Рядом с моей койкой стояла койка латыша Мариса Чаклайса. Из Грузии приехал Шота Топчиашвили, из Братска – бригадир бетонщиков, хватайте выше – бригады коммунистического труда, рязанец Алексей Труфилов. Как выяснилось потом, он блефовал насчет бригады. Из Магадана – Адам Адамов. Кое-кто поступал в институт по второму, третьему разу.
Допускали к экзаменам после собеседования на кафедре литературного мастерства. Когда я зашел в кабинет, увидел там довольно представительное собрание писателей – Всеволод Иванов, Владимир Лидин, Илья Сельвинский, Кузьма Горбунов, Александр Коваленков, Василий Захарченко, критик Александр Власенко, он же ответственный секретарь приемной комиссии. Находился здесь и Борис Васильевич Бедный – товарищ по плену моего бывшего директора. Председательствовал заведующей кафедрой Сергей Иванович Вашенцев, хотя тут присутствовал ректор института Иван Николаевич Серегин.

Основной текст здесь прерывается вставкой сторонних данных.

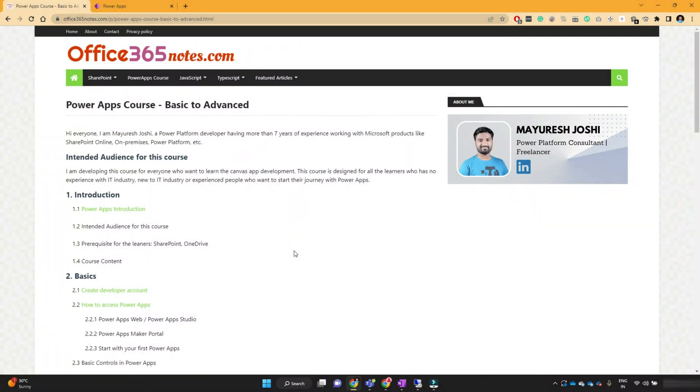Hello viewers, I'm Mayuresh Zoshi and I welcome you to the next lesson of the PowerApps course.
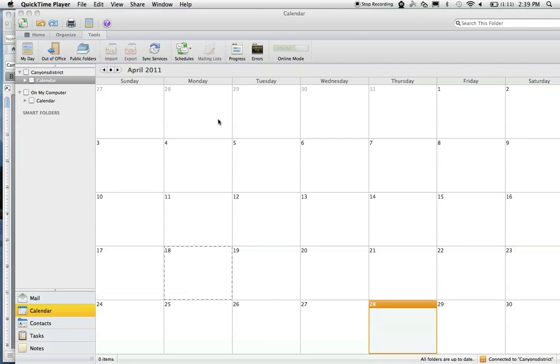Hi, today we're in Outlook and we're going to talk about how to subscribe to a public calendar. First, go to the bottom left-hand corner and select your calendars.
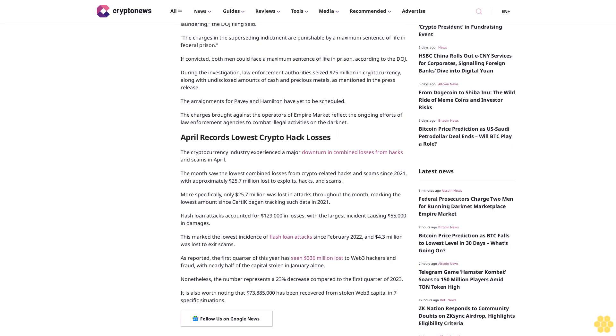During the investigation, law enforcement authorities seized $75 million in cryptocurrency, along with undisclosed amounts of cash and precious metals, as mentioned in the press release.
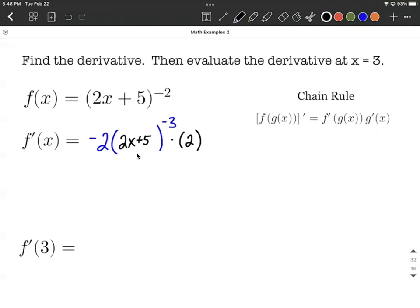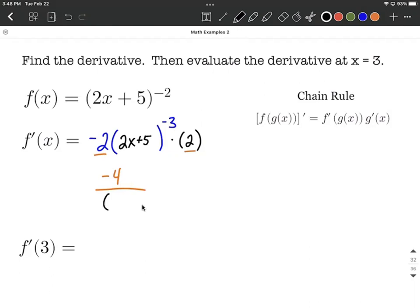From here, let's clean this up. The negative 2 and the positive 2 multiply together to make negative 4. Instead of having a negative exponent, we can rewrite this with a positive exponent by moving it down to the denominator. So that's the same as negative 4 over the quantity 2x plus 5 raised to the positive third power. That's our derivative, cleanly written.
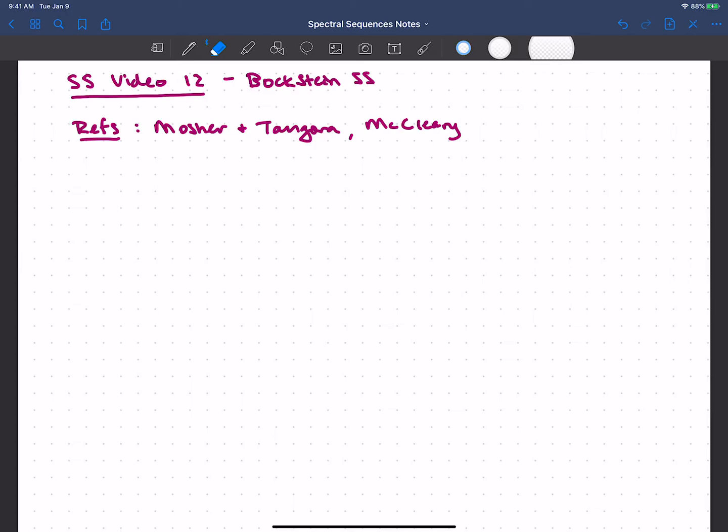So far we've talked quite a bit about the general machinery of spectral sequences, and of course we've come up with a spectral sequence that tells us something about the cohomology of a space, but we haven't done any examples and talked about really specific types of spectral sequences. So I want to talk about the Bockstein spectral sequence in the next few videos, and some good references here are Mosher and Tangora, and also McCleary, and probably many others, but I was looking at these when I was writing these notes.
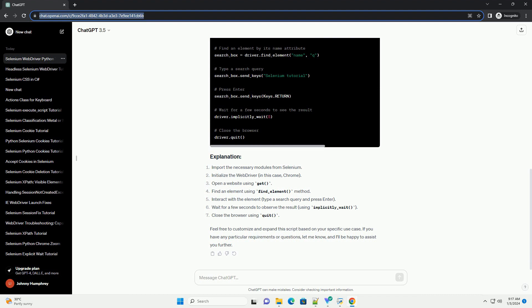Download the Web Driver executable for the browser you want to automate. For example, if you're using Chrome, download the Chrome Driver executable. Ensure that the Web Driver executable is in your system's path or provide the path to it in your script.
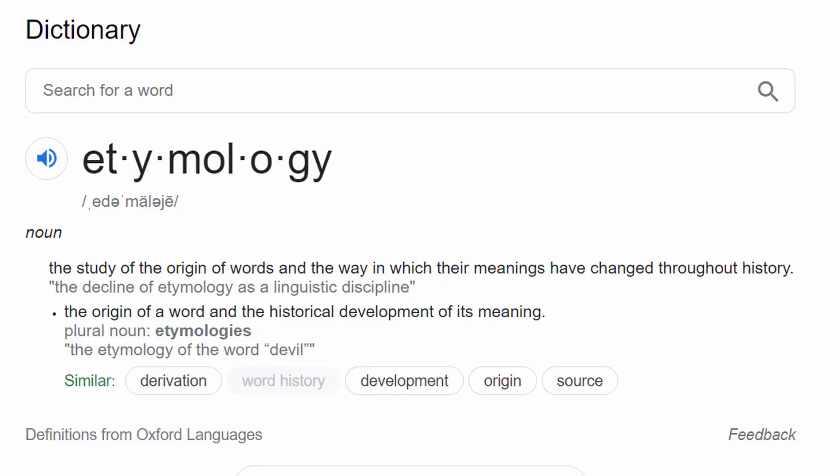Etymology is the study of the origin and history of words. We can learn a lot about anatomy by knowing where certain words come from and what they mean. Anatomical terms are derived from ancient Greek and Latin.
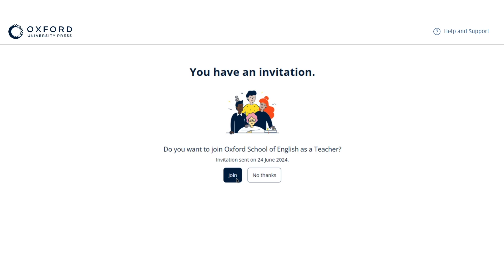Once you and your students have been invited to join the school and you've accepted your invitation, you can get started and create your classes, unless the organisation administrator is going to do this for you.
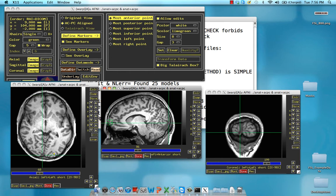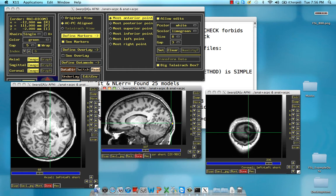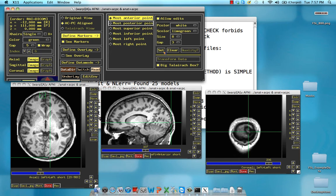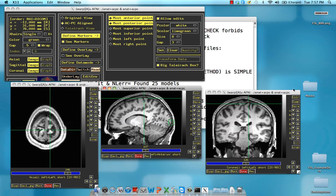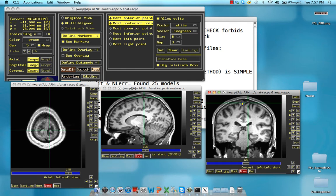Go to the very rear of the brain, and observe that the two hemispheres jut out at different lengths. In this case, the right hemisphere is actually farther back. Adjust in the sagittal plane — that's about the very end of the posterior point. Click Set. For the most superior point, go to the very top of the brain. Again, there's some asymmetry between the two hemispheres. Go with the rightmost tip on the right hemisphere, and click Set.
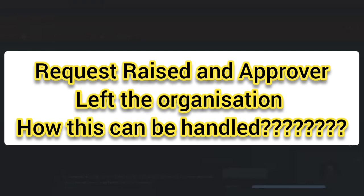The second option is, if in the workflow they made that approval activity as a manual approval activity, then you can add one more person as a manual approver. But you can't change the existing approval to some other person.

Наверное, прежде чем вызвать абитуриента, они знакомились с результатами творческого конкурса, с рецензиями и заключением комиссии. Потому что стали задавать вопросы по повести. Потом решили проверить мое знание современной литературы. Я несколько лет выписывал «Литературную газету», «Роман-газету», покупал «толстые» журналы, выпуски «Библиотечки «Огонька» – короче говоря, все, что можно было найти в Изюме.
– Какое последнее произведение Вадима Кожевникова вы читали? – спросил Всеволод Иванов.
– «Знакомьтесь, Балуев».
– И каково ваше отношение к этому произведению?
К счастью, я читал чью-то критическую статью о повести и разделял мнение автора: перегруженность производственным, организационным материалом в ущерб раскрытию внутреннего мира героя и героев. Так и ответил.
– Ну а что вы читали Всеволода Иванова? – задал вопрос Илья Сельвинский.
– «Партизанские повести», «Бронепоезд 14–69».
Естественно, не знал, что Всеволод Вячеславович написал уже роман «Ужгинский кремль» и что спустя двадцать лет, работая заместителем главного редактора Главной редакции художественной литературы Госкомиздата СССР, я буду выступать за издание этого сложного и глубокого произведения и убеждать в том же главного редактора Андрея Николаевича Сахарова – в будущем директора академического Института российской истории. Роман Вс. Иванова вышел в 1981 году.